### Data extracts
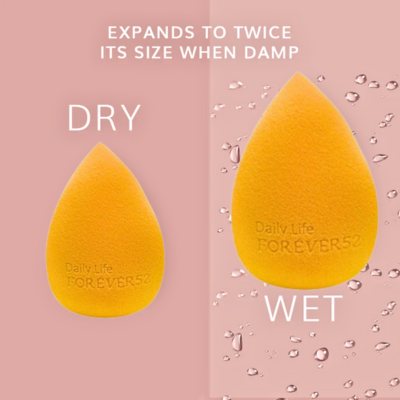 Daily Life Forever 52 Makeup Sponge - SP001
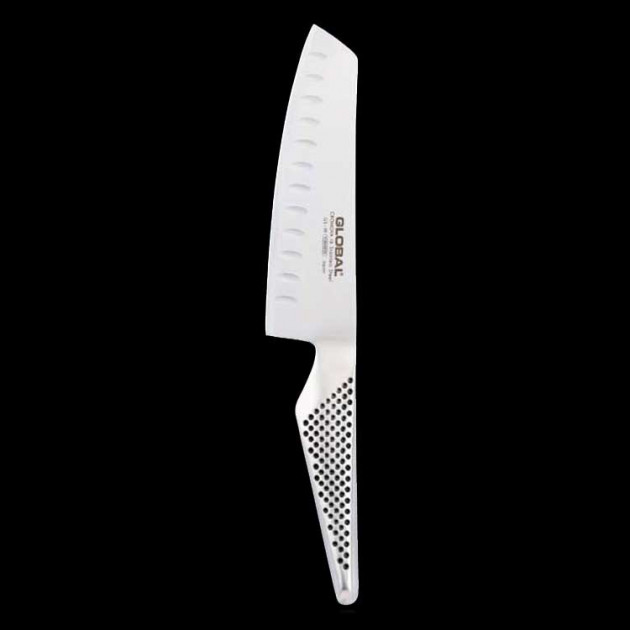 Global - Couteau à légumes alvéolé 14cm GS91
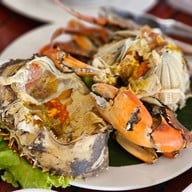 เมนูของร้าน ฟาร์มสมใจซีฟู้ดส์ - บางขุนเทียน ชายทะเล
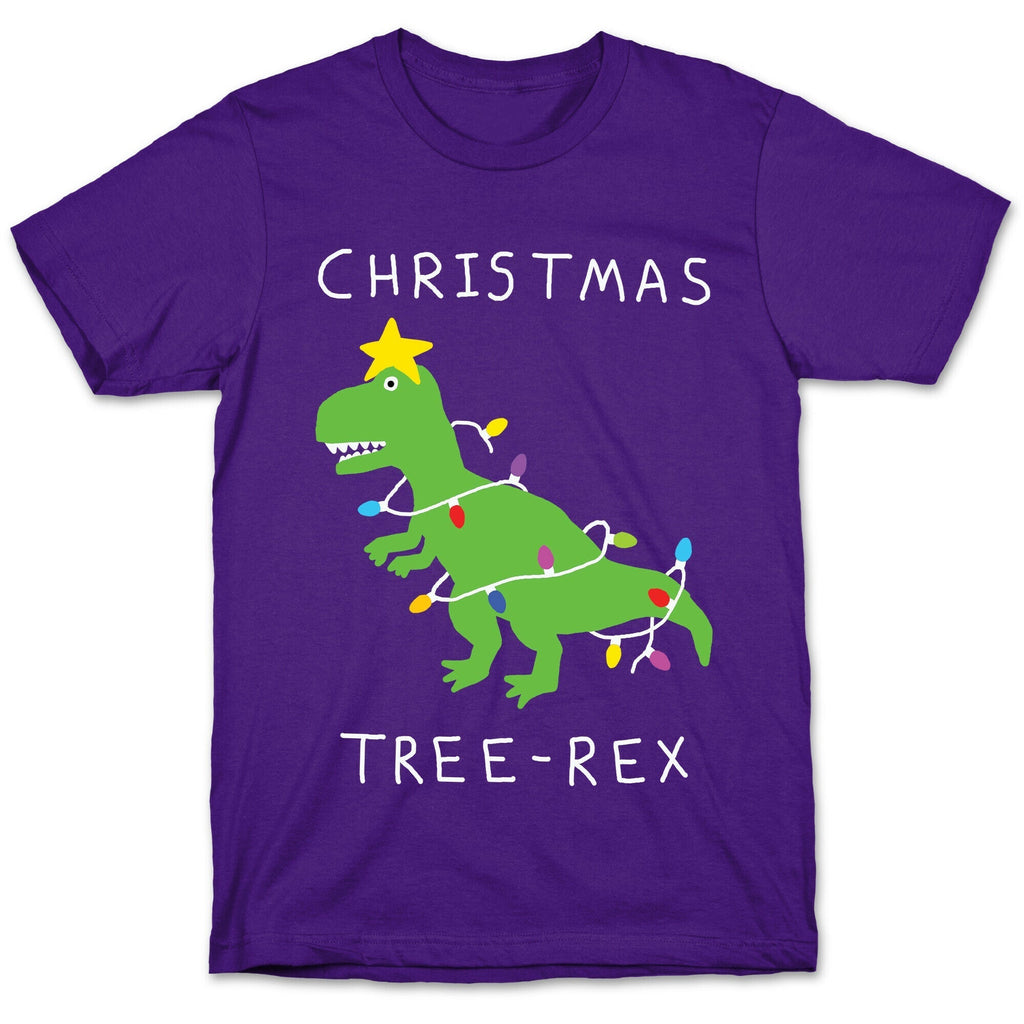 Christmas Tree Rex T-Shirt Hoodie, Sweatshirt | CoreVibeTees.com (Image 5)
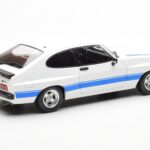 Ford Capri Mk2 X-Pack Biely MCG 1:18 - image 2 of 6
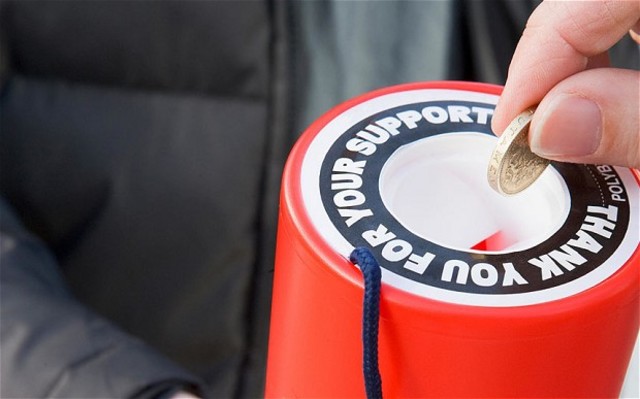 Start A Charity Fund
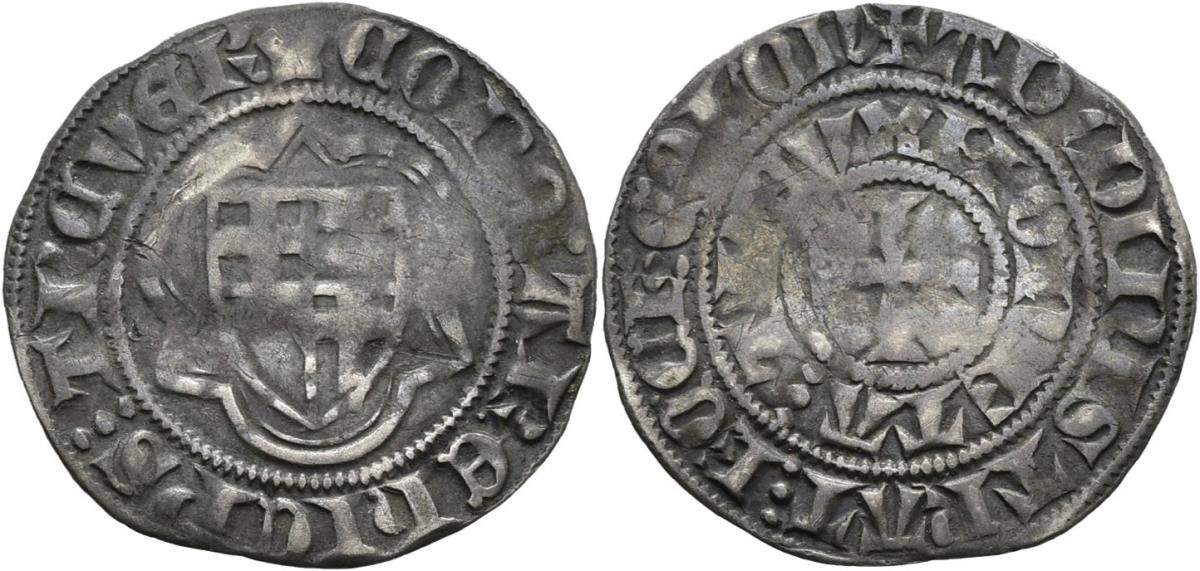 Trier: Kuno von Falkenstein
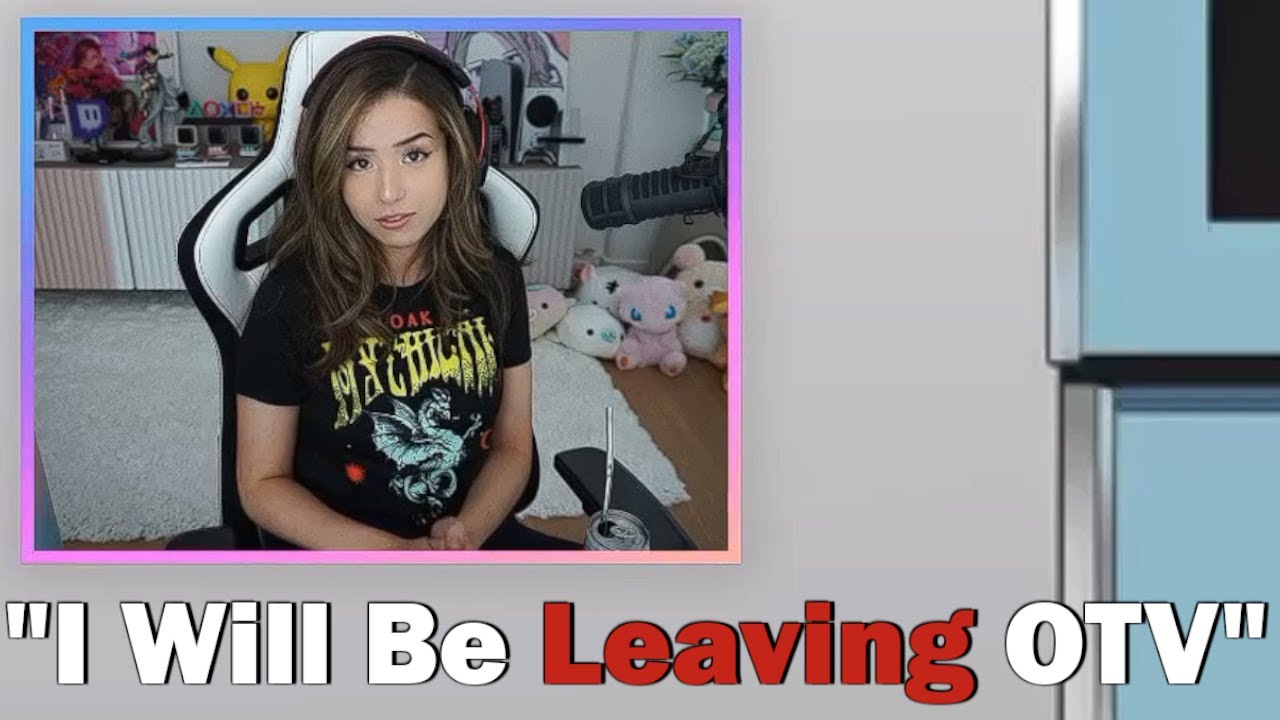 Pokimane - warning volume :( i can't get over it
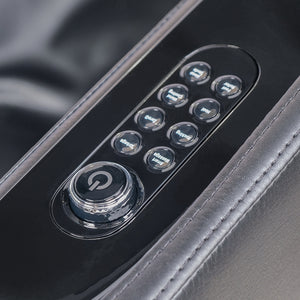 Kyota Kizuna M688 Massage Chair's Controls - Game Room Spot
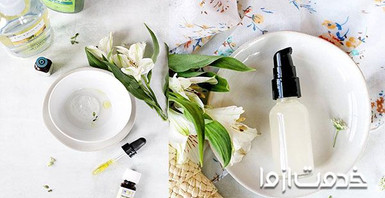 طرز تهیه محلول ضدعفونی کننده دست خانگی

### The problem
Reproduce the lines of the data that run from the one containing "Start A Charity Fund" to the final line, both included, exactly as they appear and without the pictures.

### Answer space
 Start A Charity Fund
 Trier: Kuno von Falkenstein
 Pokimane - warning volume :( i can't get over it
 Kyota Kizuna M688 Massage Chair's Controls - Game Room Spot
 طرز تهیه محلول ضدعفونی کننده دست خانگی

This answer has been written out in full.